How To Deal With Loneliness In Motherhood?

Many women experience loneliness in motherhood and feel guilt and confusion after the birth of their children. What many don’t know is that this is a very frequent feeling.
How to deal with loneliness in motherhood?

In general, society has a very romantic idea of ​​what motherhood is. Many people mistakenly think that the arrival of a child is the most fulfilling stage for a woman. Many assume that this is a time of joy and satisfaction and that their very presence automatically gives meaning to life. So it’s not surprising that many women feel confused and guilty about experiencing loneliness in motherhood.

While motherhood is undoubtedly a beautiful and rewarding experience, not everything is as idyllic as it may seem. Therefore, it is necessary to give visibility to the less pleasant side of being a mother, to the challenges and difficulties that this implies. Among them, we can mention the feeling of loneliness that the mother may experience during her child’s early childhood.

worried young

a lonely transition

A person’s life changes radically when he has a child.
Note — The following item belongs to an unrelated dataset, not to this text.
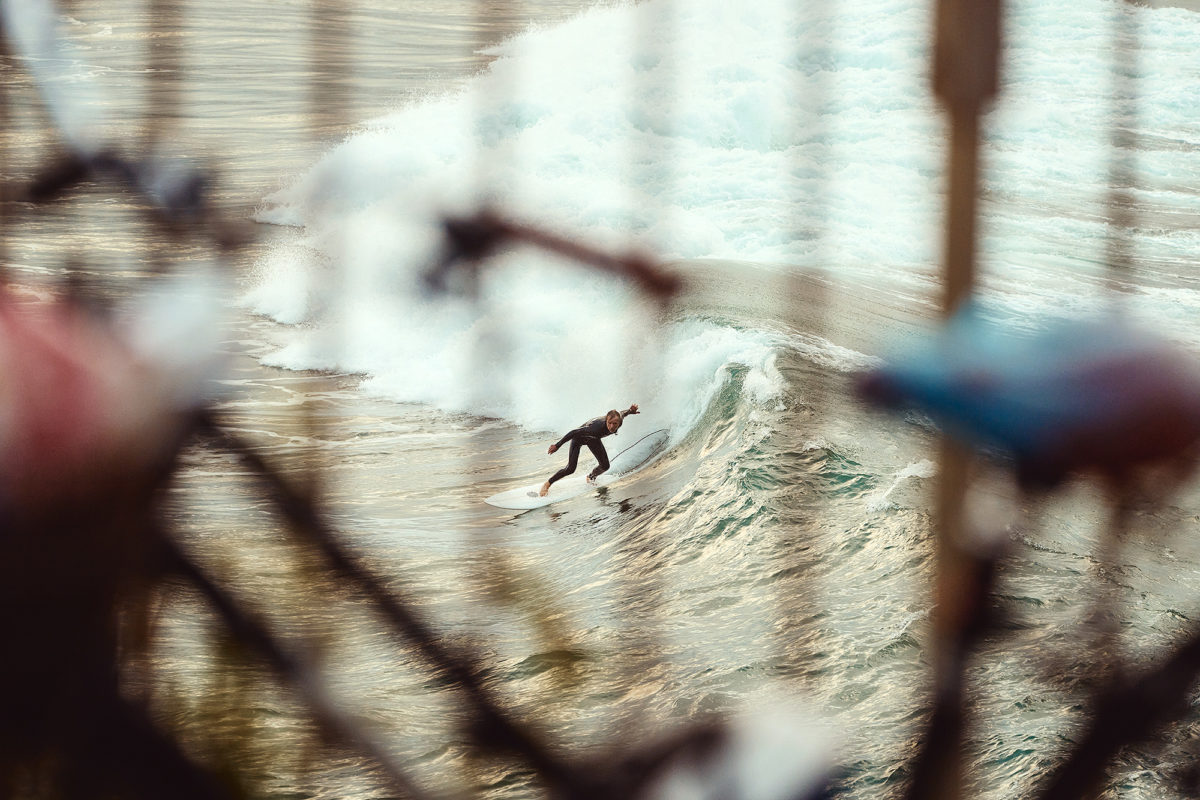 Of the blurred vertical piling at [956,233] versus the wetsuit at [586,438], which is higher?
the blurred vertical piling at [956,233]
The mother’s body changes and emotions intensify and become unstable due to the hormonal flow. To all this, the psychological stress that the adoption of this new role  can entail must be added . A role that, on many occasions, almost eliminates the rest of the roles that make up a person’s identity.

Suddenly, it seems that the woman is no longer a wife, daughter, friend or professional. She is just a mother, full time and practically alone. Your child needs her all the time and depends on her to maintain his physical and emotional integrity.

Despite the fact that the mother can have the father’s help and the support of her relatives, in the end, it is she who spends 24 hours a day at home with her baby. 

Lack of sleep, physical and emotional exhaustion and  the lack of adult company for most of the time can make the mother feel the weight of motherhood. A weight that no one told her about and for which she can feel tremendously guilty.

How is it possible for a woman to feel so sad, listless, and overwhelmed. Shouldn’t she feel elated? Why doesn’t she feel fulfilled having a child?

The feeling of loneliness is extremely common in mothers during the first years of their children’s lives. Taking on most of the creation and doing it alone can significantly damage your mood. For this reason, it is important to inform women of the existence of this problem and provide resources to mitigate its effects.

How to reduce the feeling of loneliness in motherhood?

How to reduce the feeling of loneliness in motherhood?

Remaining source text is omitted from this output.